Dans La route du Pays-Brûlé, Jonathan Livernois nous invite à réfléchir avec lui — presque à voix haute — sur la signification du mouvement souverainiste aujourd’hui. Et ce n’est pas l’enthousiasme qui domine le livre, c’est le moins que l’on puisse dire.
«Je suis un peu moins souverainiste, par les temps qui courent. Surtout depuis l’automne 2015. Le déclencheur a été d’une banalité déconcertante : une publicité électorale du Bloc québécois qui cherchait maladroitement à amalgamer un niqab et un oléoduc. »
L’auteur a été très défavorablement marqué par «le PQ de la Charte des valeurs» et les débats qui ont teinté cette courte période de notre récente histoire politique. Il est aussi très cynique quand il parle des hommes et des femmes politiques, en général.
«Qu’est-ce que le Québec, aujourd’hui ? Un espace où les inégalités augmentent aussi vite que le désabusement envers nos politiciens […] Un wannabe pays qui n’est pas capable de créer un récit commun qui a de l’allure.»
«Pourquoi [les jeunes voudraient] se bâdrer d’un pays infirme?»
C’est dur. J’ai lu là une forme de détresse.

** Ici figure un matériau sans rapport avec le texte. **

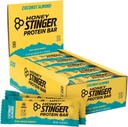 蜂蜜のStinger蛋白質棒、ココナッツ アーモンド、蛋白質は練習、持久力および性能、家及び体育館のためのスポーツの栄養物の軽食、ポストのワークアウト、箱15の食糧を詰めました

Remarquez, c’est peut-être une projection de ma part — comme un refus de céder à la même analyse, trop sombre; irréconciliable avec mon niveau d’engagement actuel.
Heureusement Jonathan Livernois n’abandonne pas complètement — on peut même se demander s’il ne cherche pas, quelque part, à provoquer le lecteur qui, comme moi, se dirait «ben voyons donc, je ne veux pas en venir là moi aussi…».
Il offre d’ailleurs quelques piste à ces lecteurs:
«[j’espère trouver] ce qui permettrait de dire : voilà, le Québec, c’est n’importe quoi depuis un bout de temps, mais ça vaut la peine qu’on se batte pour lui.»
C’est un paragraphe qui résume très efficacement, il me semble, la situation dans laquelle on se trouve — de ce qui nous fait soupirer tous les jours à la lecture des journaux — ou pire, en regardant les réseaux d’information continue.
Je suis d’accord avec Jonathan Livernois quand il propose que «l’amour du pays devrait s’enraciner dans la conscience des défis qui l’attendent.»
Je pense, moi aussi, que c’est en identifiant les défis auxquels nous sommes confrontés — comme peuple, comme nation — que nous allons retrouver l’énergie de nous battre pour se donner les moyens de les relever.
Il y a même une source d’espoir là-dedans, bien cachée dans la deuxième partie du livre.
Il faut relever les yeux, regarder l’horizon, droit devant. Et c’est à ce moment-là, seulement, qu’on redécouvre vraiment l’utilité du pays politique pour espérer réaliser nos rêves et nos aspirations.
Il ne s’agit pas tant de vendre mieux le projet d’indépendance aux jeunes (notamment), mais de (re)partir de leurs aspirations pour (re)faire la démonstration qu’il sera plus facile de les réaliser dans un Québec pays que dans un Québec province.
Ce n’est pas un problème de marketing, c’est une question de (re)partir de leurs priorités et d’être guidé par l’empathie.
«[le défi consiste à] se voir tel qu’on a été et tel qu’on pourrait être. Et apprendre à connaitre le chemin entre les deux, en discutant, en faisant des plans, en réinvestissant des lieux propices à l’éclosion de l’imaginaire.»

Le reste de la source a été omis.